When Sioned came by later in the afternoon, a look of pain-and strangely, of fear-crossed Gwyna’s face. She greeted the old woman and turned to me.

“Arcturus, do you mind if I take a warm bath? I’d like one before we travel, and you can make arrangements with Sioned.”

The old lady squinted hard at Gwyna, her broad, plain face severe with worry. “What’s the matter with the young mistress?”

More demand than question. I gave her a truncated version of nothing. There was nothing I could tell her-she could see the obvious for herself. She agreed to stay on out of loyalty to Gwyna, and probably a desire to find out if I was beating her. I gave her Coir’s old room.

The next morning Gwyna was up before I was. I dreamed she was sitting beside me, her hand stroking my face like she used to. When I opened my eyes, she was dressed in traveling clothes and heading out the door.

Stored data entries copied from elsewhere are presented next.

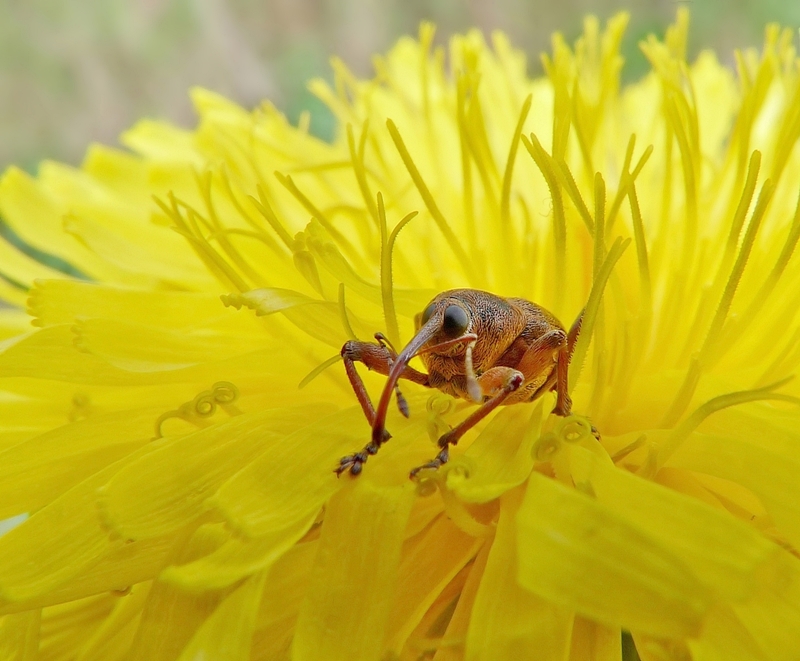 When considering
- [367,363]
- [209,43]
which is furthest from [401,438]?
[209,43]

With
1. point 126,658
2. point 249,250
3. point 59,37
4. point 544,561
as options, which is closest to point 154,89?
point 59,37

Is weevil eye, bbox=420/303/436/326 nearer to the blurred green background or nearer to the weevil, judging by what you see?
the weevil

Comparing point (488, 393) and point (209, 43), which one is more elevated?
point (209, 43)

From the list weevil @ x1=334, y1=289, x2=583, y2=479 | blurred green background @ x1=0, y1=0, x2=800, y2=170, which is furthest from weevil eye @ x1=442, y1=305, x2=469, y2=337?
blurred green background @ x1=0, y1=0, x2=800, y2=170

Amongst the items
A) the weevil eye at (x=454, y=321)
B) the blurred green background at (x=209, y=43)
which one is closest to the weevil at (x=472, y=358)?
the weevil eye at (x=454, y=321)

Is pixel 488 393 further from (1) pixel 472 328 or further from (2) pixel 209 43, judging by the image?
(2) pixel 209 43

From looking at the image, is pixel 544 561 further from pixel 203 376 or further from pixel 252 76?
pixel 252 76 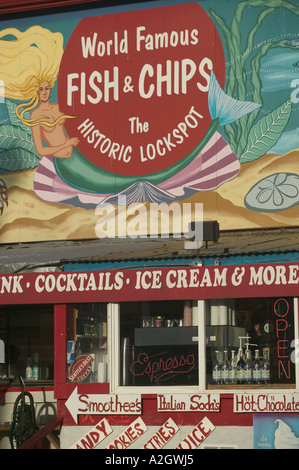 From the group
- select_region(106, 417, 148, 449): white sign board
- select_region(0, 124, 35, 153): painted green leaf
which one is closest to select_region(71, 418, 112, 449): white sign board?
select_region(106, 417, 148, 449): white sign board

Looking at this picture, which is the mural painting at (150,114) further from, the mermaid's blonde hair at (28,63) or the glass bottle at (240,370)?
the glass bottle at (240,370)

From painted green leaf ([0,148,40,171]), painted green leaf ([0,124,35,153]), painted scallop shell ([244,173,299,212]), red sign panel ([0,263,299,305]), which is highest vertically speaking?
painted green leaf ([0,124,35,153])

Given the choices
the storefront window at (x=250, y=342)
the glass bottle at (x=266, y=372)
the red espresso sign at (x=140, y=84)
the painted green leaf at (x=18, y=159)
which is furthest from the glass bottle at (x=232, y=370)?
the painted green leaf at (x=18, y=159)

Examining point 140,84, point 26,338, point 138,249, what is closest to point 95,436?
point 138,249

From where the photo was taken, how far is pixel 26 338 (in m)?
17.4

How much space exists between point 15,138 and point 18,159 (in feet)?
1.39

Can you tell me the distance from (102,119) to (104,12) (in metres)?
2.11

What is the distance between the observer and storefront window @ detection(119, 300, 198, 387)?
45.5 feet

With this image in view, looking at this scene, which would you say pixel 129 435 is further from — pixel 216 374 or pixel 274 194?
pixel 274 194

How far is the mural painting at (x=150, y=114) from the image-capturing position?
16625mm

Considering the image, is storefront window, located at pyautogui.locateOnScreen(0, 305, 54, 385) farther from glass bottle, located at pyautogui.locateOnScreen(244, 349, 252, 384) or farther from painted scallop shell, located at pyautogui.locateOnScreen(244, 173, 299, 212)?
glass bottle, located at pyautogui.locateOnScreen(244, 349, 252, 384)

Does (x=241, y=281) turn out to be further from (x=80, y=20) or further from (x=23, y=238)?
(x=80, y=20)

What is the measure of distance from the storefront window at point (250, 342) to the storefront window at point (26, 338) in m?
4.25

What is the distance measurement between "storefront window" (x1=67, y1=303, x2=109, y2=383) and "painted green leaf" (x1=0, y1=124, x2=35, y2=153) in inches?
187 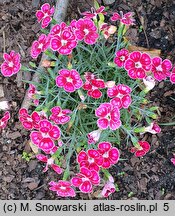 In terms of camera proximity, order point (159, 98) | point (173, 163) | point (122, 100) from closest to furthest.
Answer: point (122, 100)
point (173, 163)
point (159, 98)

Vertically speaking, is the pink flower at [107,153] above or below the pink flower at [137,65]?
below

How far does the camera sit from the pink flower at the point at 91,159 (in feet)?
6.36

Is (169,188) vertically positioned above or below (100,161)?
below

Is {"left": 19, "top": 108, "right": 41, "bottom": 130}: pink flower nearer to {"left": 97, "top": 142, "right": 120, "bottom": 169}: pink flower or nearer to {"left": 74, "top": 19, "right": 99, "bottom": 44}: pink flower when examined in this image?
{"left": 97, "top": 142, "right": 120, "bottom": 169}: pink flower

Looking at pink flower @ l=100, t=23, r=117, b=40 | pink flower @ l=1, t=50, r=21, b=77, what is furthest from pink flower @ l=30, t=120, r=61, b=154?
pink flower @ l=100, t=23, r=117, b=40

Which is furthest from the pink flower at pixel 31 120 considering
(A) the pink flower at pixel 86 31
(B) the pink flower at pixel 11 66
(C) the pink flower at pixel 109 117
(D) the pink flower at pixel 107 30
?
(D) the pink flower at pixel 107 30

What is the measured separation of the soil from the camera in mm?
2402

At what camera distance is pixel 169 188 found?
238 cm

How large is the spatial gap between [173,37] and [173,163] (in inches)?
31.0

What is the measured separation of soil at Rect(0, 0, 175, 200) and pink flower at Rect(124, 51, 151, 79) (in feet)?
1.75

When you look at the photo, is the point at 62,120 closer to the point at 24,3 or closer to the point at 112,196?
the point at 112,196

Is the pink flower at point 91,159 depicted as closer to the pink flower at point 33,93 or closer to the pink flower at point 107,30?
the pink flower at point 33,93

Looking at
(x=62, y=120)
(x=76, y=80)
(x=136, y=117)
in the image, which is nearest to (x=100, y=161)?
(x=62, y=120)

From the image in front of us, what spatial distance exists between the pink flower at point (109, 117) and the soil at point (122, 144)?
1.90ft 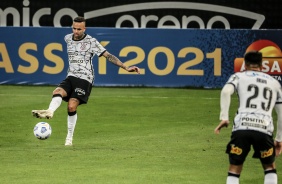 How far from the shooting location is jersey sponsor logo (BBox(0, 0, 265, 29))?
29.3 m

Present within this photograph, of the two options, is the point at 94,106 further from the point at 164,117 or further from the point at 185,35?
the point at 185,35

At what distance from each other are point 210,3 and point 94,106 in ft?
26.7

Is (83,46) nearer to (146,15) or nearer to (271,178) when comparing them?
(271,178)

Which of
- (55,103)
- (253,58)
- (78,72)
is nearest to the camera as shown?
(253,58)

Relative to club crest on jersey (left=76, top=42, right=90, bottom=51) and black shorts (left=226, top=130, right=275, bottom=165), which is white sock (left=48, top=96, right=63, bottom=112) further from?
black shorts (left=226, top=130, right=275, bottom=165)

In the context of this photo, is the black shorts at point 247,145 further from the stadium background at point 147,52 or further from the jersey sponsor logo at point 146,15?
the jersey sponsor logo at point 146,15

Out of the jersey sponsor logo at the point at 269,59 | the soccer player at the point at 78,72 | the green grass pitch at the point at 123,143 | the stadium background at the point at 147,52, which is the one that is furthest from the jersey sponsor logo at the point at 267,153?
the stadium background at the point at 147,52

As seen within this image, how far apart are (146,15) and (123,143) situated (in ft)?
43.8

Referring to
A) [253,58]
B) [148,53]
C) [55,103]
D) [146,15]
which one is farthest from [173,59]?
[253,58]

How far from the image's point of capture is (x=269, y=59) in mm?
26312

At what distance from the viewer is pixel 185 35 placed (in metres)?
27.3

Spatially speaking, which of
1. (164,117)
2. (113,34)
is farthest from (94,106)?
(113,34)

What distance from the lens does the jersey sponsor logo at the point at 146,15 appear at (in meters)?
29.3

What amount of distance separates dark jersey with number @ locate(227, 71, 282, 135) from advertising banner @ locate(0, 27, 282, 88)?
16.8 metres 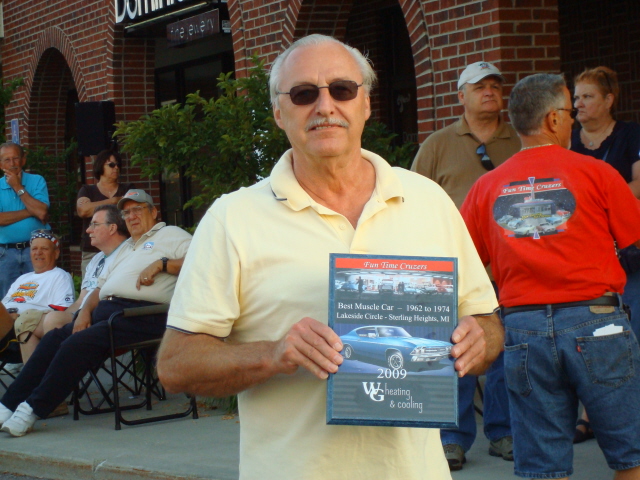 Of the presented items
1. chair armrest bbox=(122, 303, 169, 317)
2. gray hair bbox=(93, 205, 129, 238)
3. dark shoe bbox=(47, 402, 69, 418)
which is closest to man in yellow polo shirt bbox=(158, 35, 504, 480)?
chair armrest bbox=(122, 303, 169, 317)

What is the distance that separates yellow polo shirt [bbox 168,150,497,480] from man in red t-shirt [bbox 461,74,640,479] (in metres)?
1.42

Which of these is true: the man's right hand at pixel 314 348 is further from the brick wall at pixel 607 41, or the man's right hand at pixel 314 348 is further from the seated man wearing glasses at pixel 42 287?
the brick wall at pixel 607 41

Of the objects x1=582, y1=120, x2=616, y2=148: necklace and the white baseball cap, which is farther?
the white baseball cap

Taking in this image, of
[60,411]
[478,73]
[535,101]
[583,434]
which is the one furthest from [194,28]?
[535,101]

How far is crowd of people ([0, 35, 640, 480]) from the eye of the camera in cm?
237

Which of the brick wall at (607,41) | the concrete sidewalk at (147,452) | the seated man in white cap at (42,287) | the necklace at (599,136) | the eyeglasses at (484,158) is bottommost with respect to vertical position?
the concrete sidewalk at (147,452)

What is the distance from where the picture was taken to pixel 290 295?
237cm

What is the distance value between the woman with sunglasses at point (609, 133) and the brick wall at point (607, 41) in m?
3.90

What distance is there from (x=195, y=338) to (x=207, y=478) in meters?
3.28

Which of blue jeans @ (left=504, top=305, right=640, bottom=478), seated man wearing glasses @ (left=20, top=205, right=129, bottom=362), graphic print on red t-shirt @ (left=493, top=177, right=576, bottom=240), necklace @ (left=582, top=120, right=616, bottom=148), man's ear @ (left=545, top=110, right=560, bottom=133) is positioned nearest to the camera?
blue jeans @ (left=504, top=305, right=640, bottom=478)

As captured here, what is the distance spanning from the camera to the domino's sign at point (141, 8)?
35.4ft

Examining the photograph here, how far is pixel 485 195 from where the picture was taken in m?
4.06

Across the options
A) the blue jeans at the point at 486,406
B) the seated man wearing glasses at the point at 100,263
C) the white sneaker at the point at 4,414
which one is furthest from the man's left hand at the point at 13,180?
the blue jeans at the point at 486,406

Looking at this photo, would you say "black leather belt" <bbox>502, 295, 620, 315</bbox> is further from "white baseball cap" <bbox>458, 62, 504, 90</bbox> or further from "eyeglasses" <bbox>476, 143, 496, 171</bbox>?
"white baseball cap" <bbox>458, 62, 504, 90</bbox> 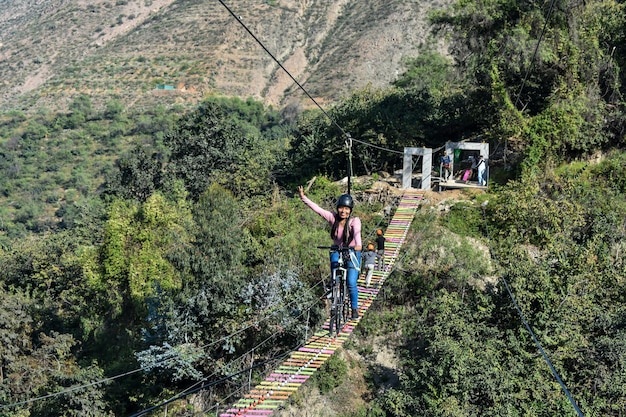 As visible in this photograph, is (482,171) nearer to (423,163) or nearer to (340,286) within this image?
(423,163)

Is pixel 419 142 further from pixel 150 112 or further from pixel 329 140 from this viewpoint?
pixel 150 112

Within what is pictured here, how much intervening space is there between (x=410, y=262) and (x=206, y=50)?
220 feet

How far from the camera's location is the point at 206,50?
78.4 meters

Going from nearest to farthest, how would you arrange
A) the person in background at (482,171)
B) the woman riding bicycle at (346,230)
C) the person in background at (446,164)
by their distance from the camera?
the woman riding bicycle at (346,230) → the person in background at (482,171) → the person in background at (446,164)

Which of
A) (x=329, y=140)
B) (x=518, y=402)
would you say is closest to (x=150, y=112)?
(x=329, y=140)

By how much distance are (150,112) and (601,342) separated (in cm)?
6493

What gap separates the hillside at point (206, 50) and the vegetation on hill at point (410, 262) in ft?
134

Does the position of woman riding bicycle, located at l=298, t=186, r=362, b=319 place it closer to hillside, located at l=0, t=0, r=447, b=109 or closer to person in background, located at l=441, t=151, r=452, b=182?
person in background, located at l=441, t=151, r=452, b=182

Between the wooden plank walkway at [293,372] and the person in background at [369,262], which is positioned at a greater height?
the person in background at [369,262]

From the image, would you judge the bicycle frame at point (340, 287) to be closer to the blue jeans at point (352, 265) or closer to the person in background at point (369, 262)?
the blue jeans at point (352, 265)

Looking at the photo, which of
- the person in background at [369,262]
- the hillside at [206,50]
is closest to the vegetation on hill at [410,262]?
the person in background at [369,262]

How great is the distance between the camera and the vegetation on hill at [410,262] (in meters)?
13.1

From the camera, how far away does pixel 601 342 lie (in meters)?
12.6

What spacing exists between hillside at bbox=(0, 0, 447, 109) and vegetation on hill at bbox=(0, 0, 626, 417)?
40.9m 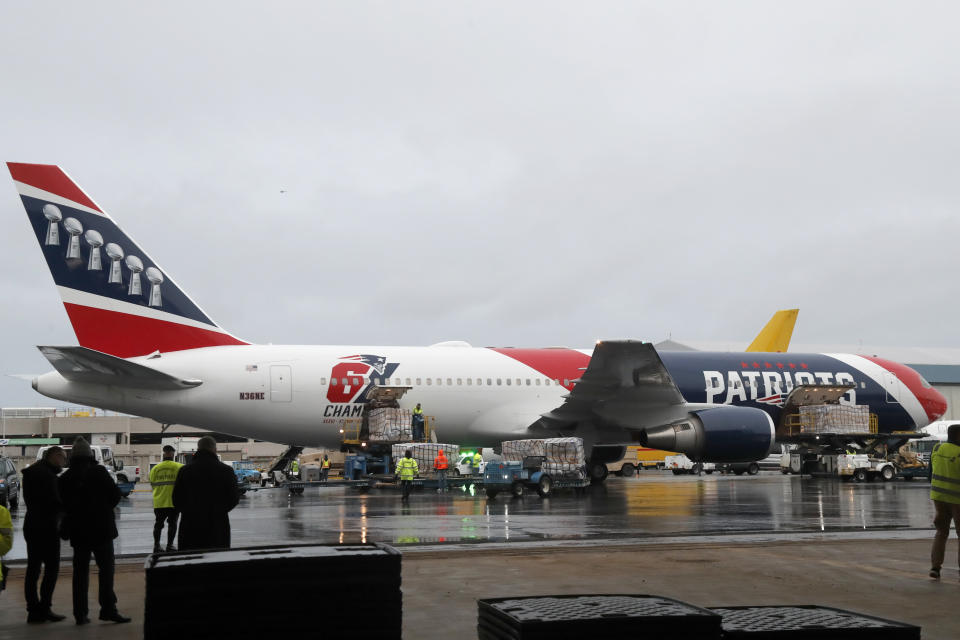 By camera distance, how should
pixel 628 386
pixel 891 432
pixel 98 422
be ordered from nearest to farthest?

A sardonic smile when she saw the gelding. Nimbus didn’t think much of him, either, but he was a plucky little horse, maybe down on his luck. That made him part of the family.

The trip was uneventful. We kept a steady pace through the main road, taking a less traveled path through the Great Plain. She ate the food Venutius packed without complaint, just as she ate the plainer food we found at farms and inns, too.

Pluto, the little black gelding, was steady. Nimbus gradually grew to like him. I caught her giving him a nuzzle once, when we stopped for a rest in a meadow.

Gwyna showed emotion only once. There was a place on the Great Plain I wanted her to see. Not many farms around it, though plenty ringed the downland, with wheat and barley and flax growing like the buttercups. She could see it from a distance, and I knew she was curious.

“Arcturus-what is that? Those stones-”

“No one knows, Gwyna. They are the oldest of the Old Ones.”

She looked at me then, almost like herself. She was excited. “Can we see them?”

A light rain fell, and the green downland hummed with crickets. Wild hares dug in the soil, making large warrens, some of them older than the Romans in Britannia. Dark birds flew overhead, lighting on the giant rocks that rose up from the Earth like fingers, grasping at the sky.

Gwyna dismounted, walking up to one of the large blue stones, taller than any man. Silent, reverent touch. She walked the circle, in and out, laying her hand on each one in turn. There were tears in her eyes.

“Thank you, Ardur,” she whispered.

When we left the Plain that evening, her mask was firmly in place. But I could see it was a mask, hiding something ugly. Something she didn’t want me to know.